§ **Problem requirements**: Restate word for word the section of the entries that opens at the line containing "Image No.7-Villa de" and closes at the line containing "Close-up of insect on leaves", both lines kept, pictures dropped.

§ **Input data**:
********

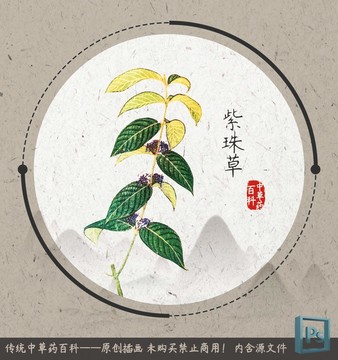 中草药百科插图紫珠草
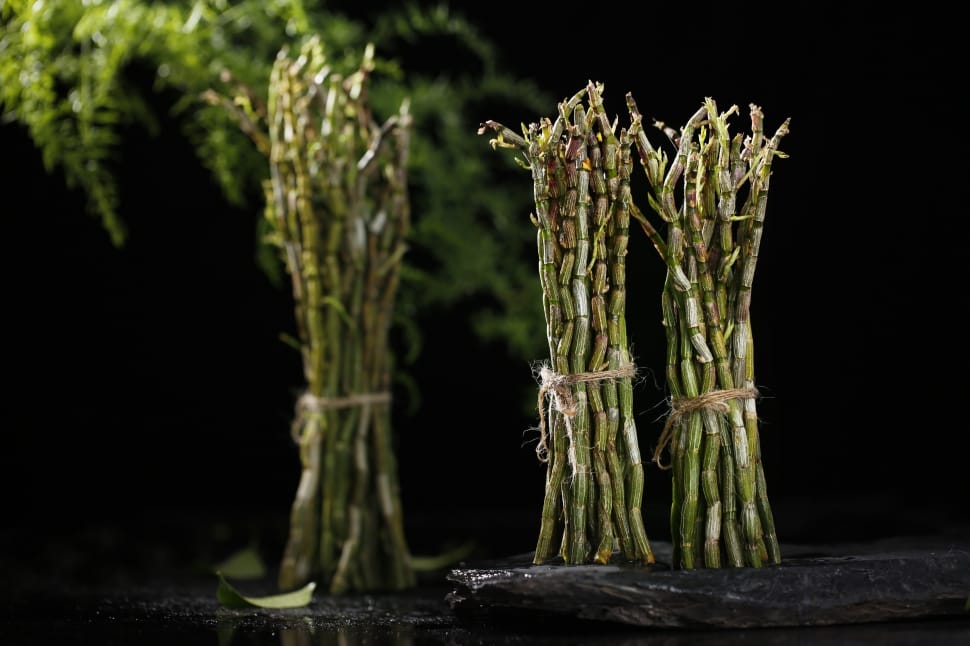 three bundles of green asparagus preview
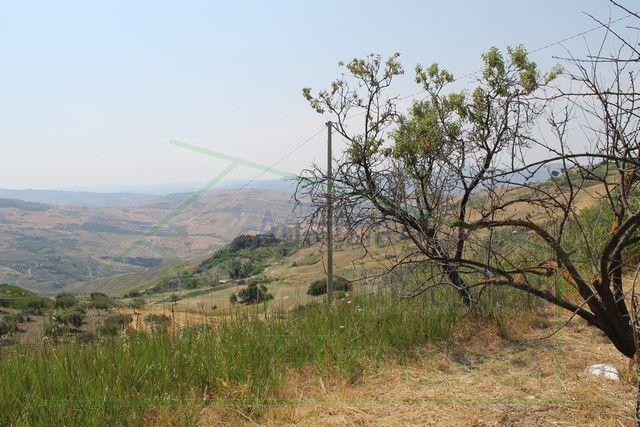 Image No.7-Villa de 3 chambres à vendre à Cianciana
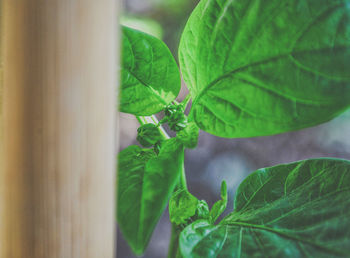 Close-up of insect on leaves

********

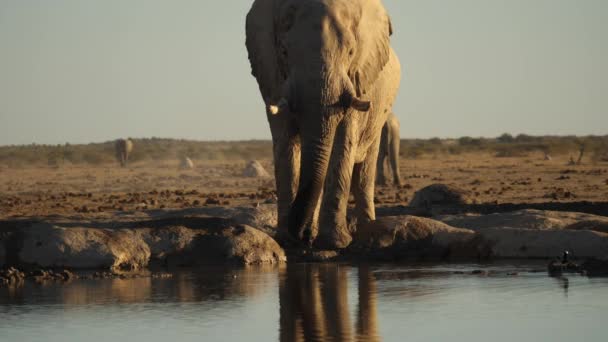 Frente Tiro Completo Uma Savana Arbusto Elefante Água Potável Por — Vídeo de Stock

********

§ **Expected answer**:
 Image No.7-Villa de 3 chambres à vendre à Cianciana
 Close-up of insect on leaves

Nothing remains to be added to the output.